1.1- No que respeite ao «erro notório na apreciação de prova» previsto na c) do n.°2 do art.400° do CPP, é pacífica e consolidada, no actual ordenamento jurídico de Macau, a seguinte jurisprudência (cfr. a título meramente exemplificativo, arestos do Venerando TUI nos Processos n.°17/2000, n.°16/2003, n.°46/2008, n.°22/2009, n.°52/2010, n.°29/2013 e n.°4/2014):
O erro notório na apreciação da prova existe quando se dão como provados factos incompatíveis entre si, isto é, que o que se teve como provado ou não provado está em desconformidade com o que realmente se provou ou não provou, ou que se retirou de um facto tido como provado uma conclusão logicamente inaceitável. O erro existe também quando se violam as regras sobre o valor da prova vinculada ou as legis artis. Tem de ser um erro ostensivo, de tal modo evidente que não passa despercebido ao comum dos observadores, ou seja, quando o homem de formação média facilmente dele se dá conta.
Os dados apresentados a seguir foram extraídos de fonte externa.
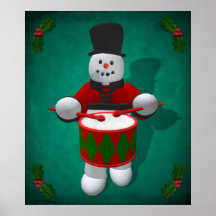 Vintage Snowmen: Drummer Posters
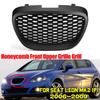 Передняя решетка капота для SEAT LEON MK2 1P1 2006-2009, черная передняя сотовая решетка, спортивные гоночные грили без значка
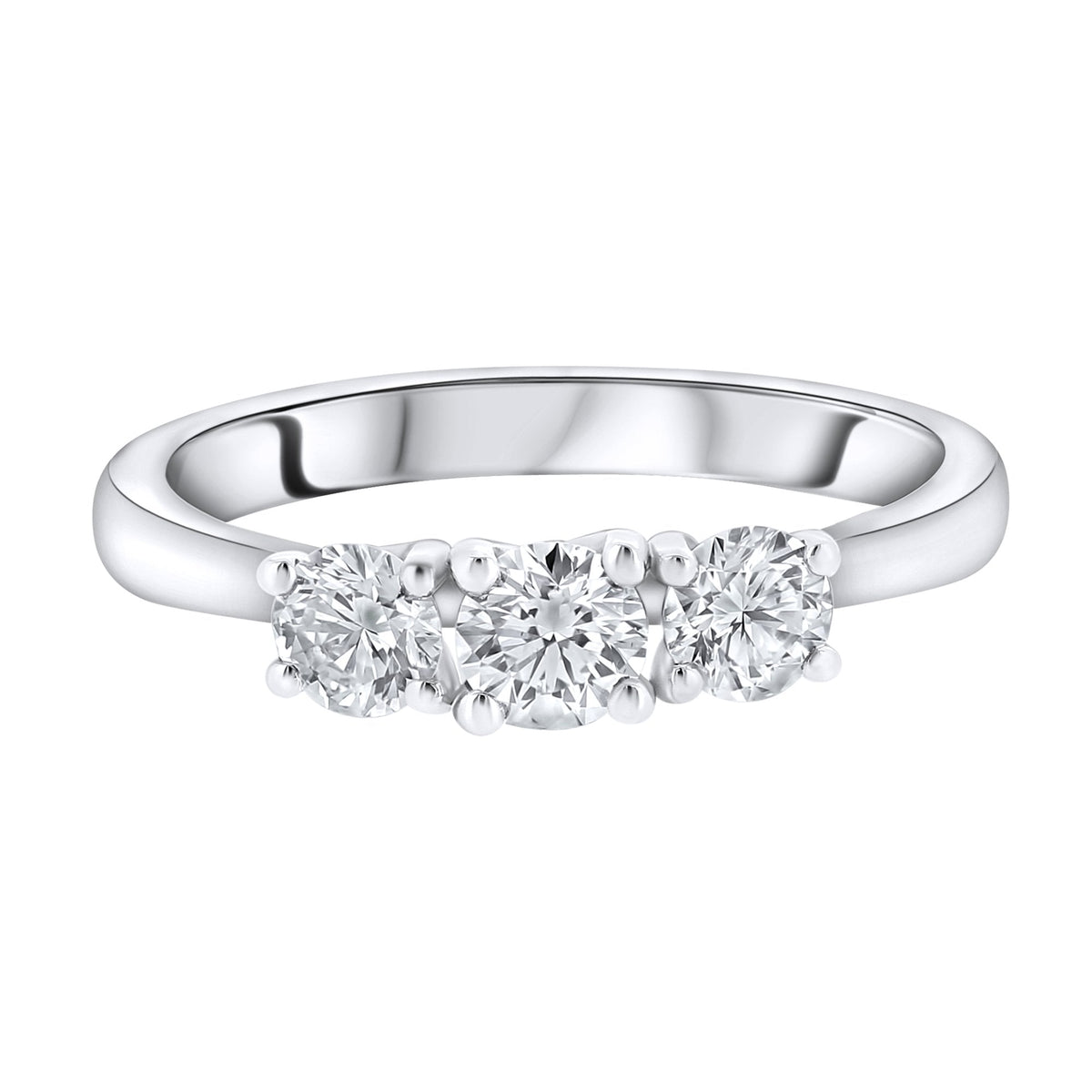 Platinum 0.71ct F SI1 EGL round brilliant 3 stone diamond ring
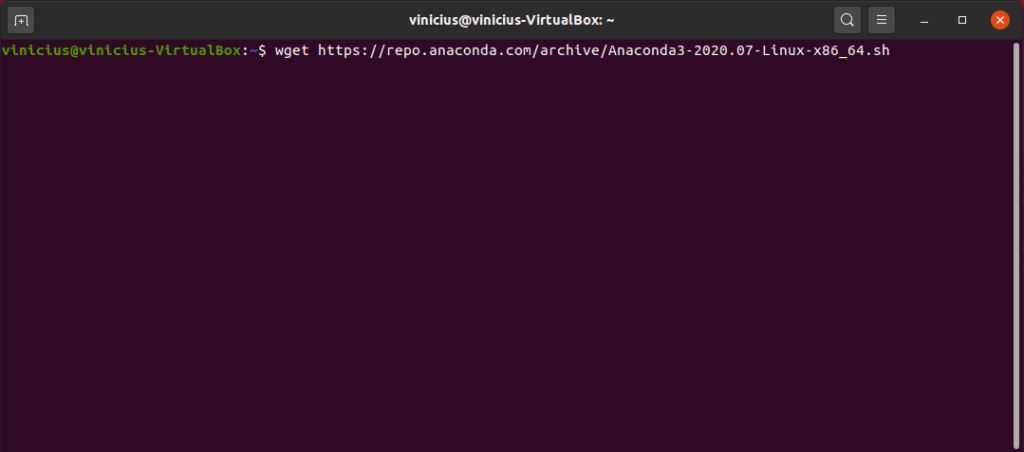 Anaconda Ubuntu - realizando o download do arquivo de instalação do Anaconda com wget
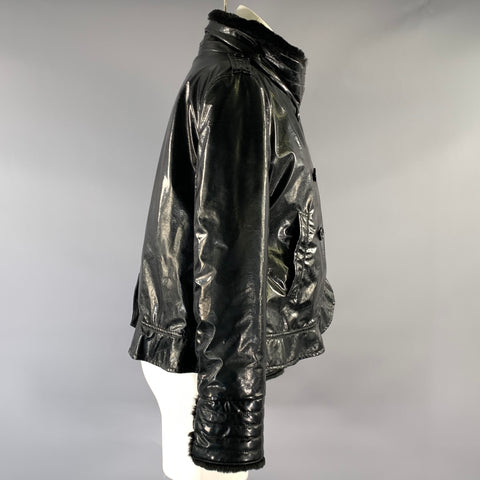 ARMANI COLLEZIONI Size 6 Black Polyurethane Ruffled Double Breasted Coat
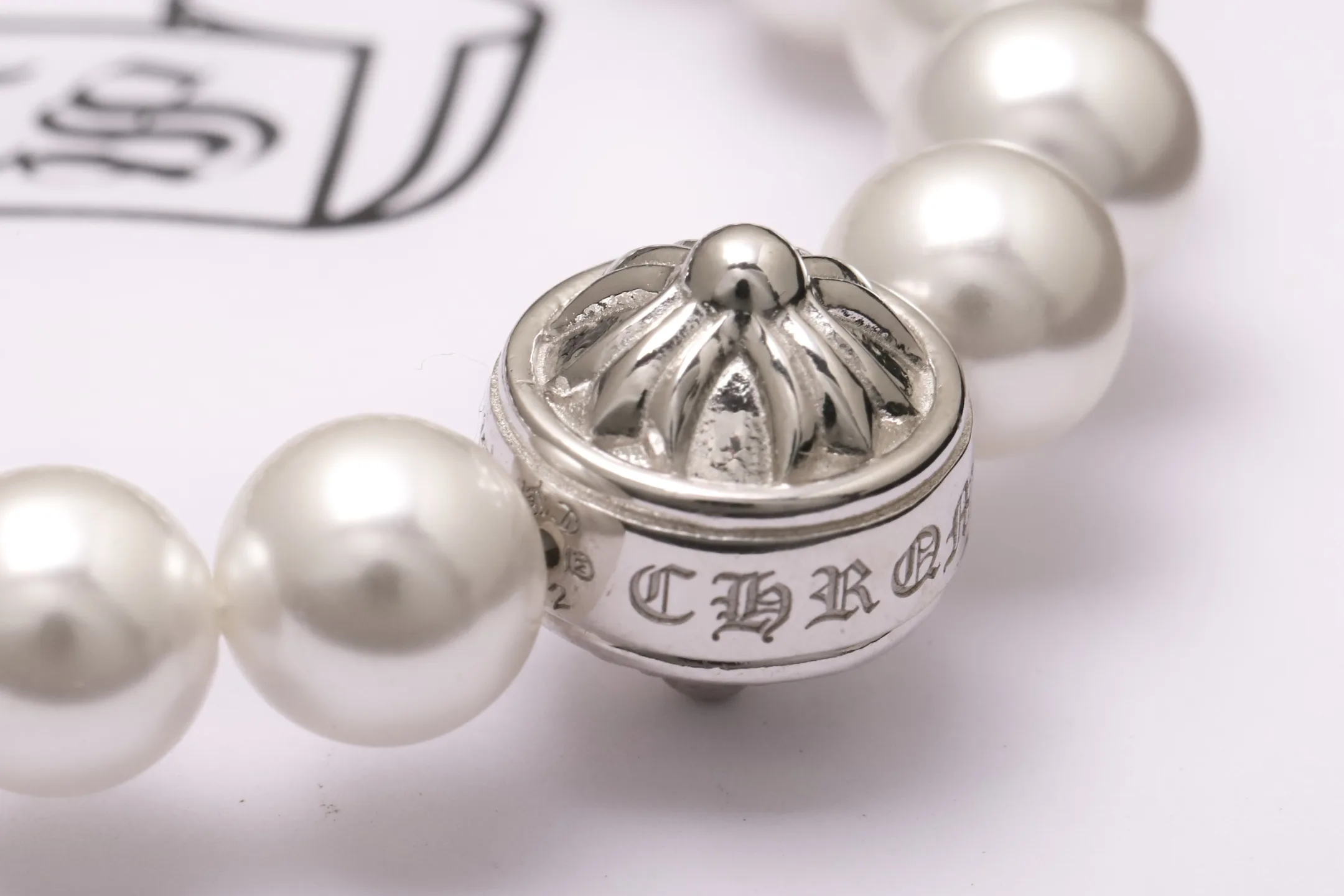 Chrome Hearts x Mikimoto Pearl Cross Bracelet D21517397 — view 6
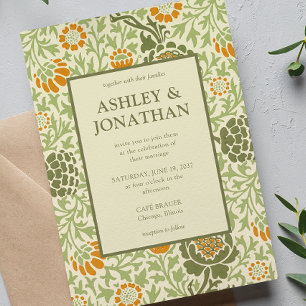 Invitación Elegante Boda del Patrón William Morris Grafton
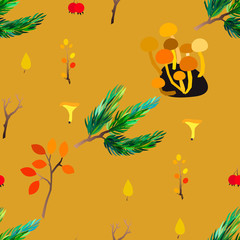 Obraz na płótnie Canvas Autumn vector seamless pattern with berries, acorns, pine cone, mushrooms, branches and leaves.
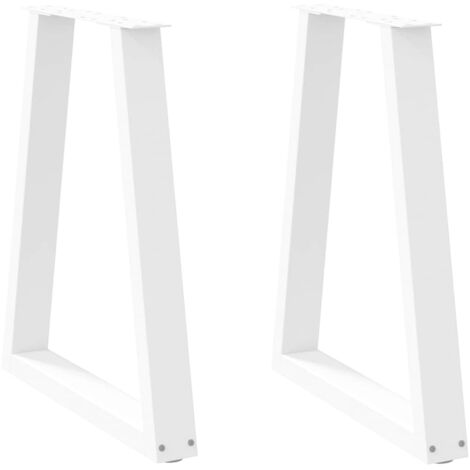 Pieds de table à manger en forme de V, 2 pièces, blanc, 50x(72-73,3) cm, acier vidaXL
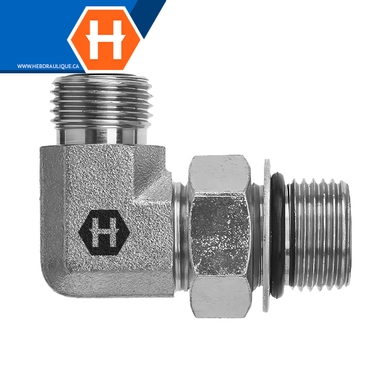 Adaptateur 90° M.ORFS x M.ORB ajustable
De outro lado, não se pode olvidar que o recorrente não pode utilizar o recurso para manifestar a sua discordância sobre a forma como o tribunal a quo ponderou a prova produzida, pondo em causa, deste modo, a livre convicção do julgador (Ac. do TUI no Proc. n.°13/2001). Pois, «sendo que o erro notório na apreciação da prova nada tem a ver com a eventual desconformidade entre a decisão de facto do Tribunal e aquela que entende adequada o Recorrente, irrelevante é, em sede de recurso, alegar-se como fundamento do dito vício, que devia o Tribunal ter dado relevância a determinado meio probatório para formar a sua convicção e assim dar como assente determinados factos, visto que, desta forma, mais não se faz do que pôr em causa a regra da livre convicção do Tribunal.» (Acórdão no Processo n.°470/2010)
No caso sub iudice, a fundamentação do Tribunal a quo relativa à matéria de facto mostra iniludivelmente que a apreciação a avaliação das provas pelo Tribunal a quo não ofendem as regras da experiência nem as sobre o valor da prova vinculada ou as legis artis, também não se divisa incompatibilidade, desconformidade ou absurdidade lógica.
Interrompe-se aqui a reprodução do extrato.